Le garçon savait qu'il y avait forcément une solution. Bien sûr, il savait que ce serait impossible de trouver une idée parfaite, car le seul moyen de se sortir de tout ce pétrin, c'était que les Nettoyeurs n'existent plus, ce qui laisserait la meute libre de ses mouvements. Mais il réfléchissait pour tenter de trouver un plan qui permettrait d'avoir le plus de bénéfices tout en limitant les effets négatifs sur le groupe.
Son téléphone posé sur sa table de chevet se mit à vibrer et Stiles l'attrapa d'un geste machinal. Il décrocha et porta le combiné à son oreille.
— Allô ? fit-il.
Un silence s'en suivit et l'adolescent s'inquiéta.
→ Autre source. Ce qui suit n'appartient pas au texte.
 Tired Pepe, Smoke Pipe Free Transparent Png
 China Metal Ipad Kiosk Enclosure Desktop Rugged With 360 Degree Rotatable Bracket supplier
Il se redressa dans son lit, passant en position assise.
— Allô ? répéta-t-il.
— Es-tu prêt ? lui demanda son interlocuteur.
— Prêt à quoi ? s'enquit le garçon, son cœur commençant à accélérer sous le coup de l'inquiétude, comme il ne reconnaissait pas la personne qui l'appelait.
— Prêt à nous suivre.
Stiles inspira profondément pour ne pas que sa voix se mette à trembler.
— Pourquoi est-ce que je vous suivrais ?
— Si tu veux que le reste de ta meute vive, tu dois venir avec nous.
— Et où voulez-vous m'emmener ?
— Vers ta mort.
L'adolescent sentit un poids lui tomber dans l'estomac. Il réussit cependant à garder son calme.
— Et si je refuse ?
— Nous nous en prendrons à toutes les personnes que tu aimes. Qu'elles soient dans ta meute ou non.
La menace ne pouvait pas être plus claire. Son interlocuteur, qui, au vu de l'utilisation du « nous », n'était pas seul, comptait s'en prendre aussi bien à ses amis qu'à son père.
— Même si j'acceptais de venir avec vous, vous pensez vraiment que les autres me laisseraient partir sans me battre ? lança Stiles en essayant de prendre un ton de défi.
— Je suis persuadé que ta meute se battra de toutes ses forces pour assurer ta sécurité. Alors je te conseille ne rien dire à tes amis. Tu leur sauverais la vie.
L'adolescent déglutit. Il sentait le piège se refermer sur lui et ne savait plus comment s'en échapper. Comme s'il lisait dans ses pensées, son interlocuteur déclara froidement :
— Je t'attends dans vingt minutes à la sortie nord de la ville. Si tu viens accompagné, nous le saurons. Si tu tiens à la vie de ta meute, ne parle à personne de cet appel.
La conversation fut coupée et Stiles resta assis dans son lit, sans bouger, pendant de très longues minutes. Puis, le dos raide, il se leva, enfila un pantalon et un sweat, glissa son téléphone portable dans sa poche et sortit sans bruit de chez lui.
Le froid le saisit et il monta la fermeture éclair de son pull jusqu'en haut. Finalement, on lui avait trouvé une solution à leur problème. Elle n'était pas parfaite mais elle avait un gros avantage : celui de mettre en sécurité toute la meute.
Son seul point négatif, c'était que pour cela, il fallait qu'il meure.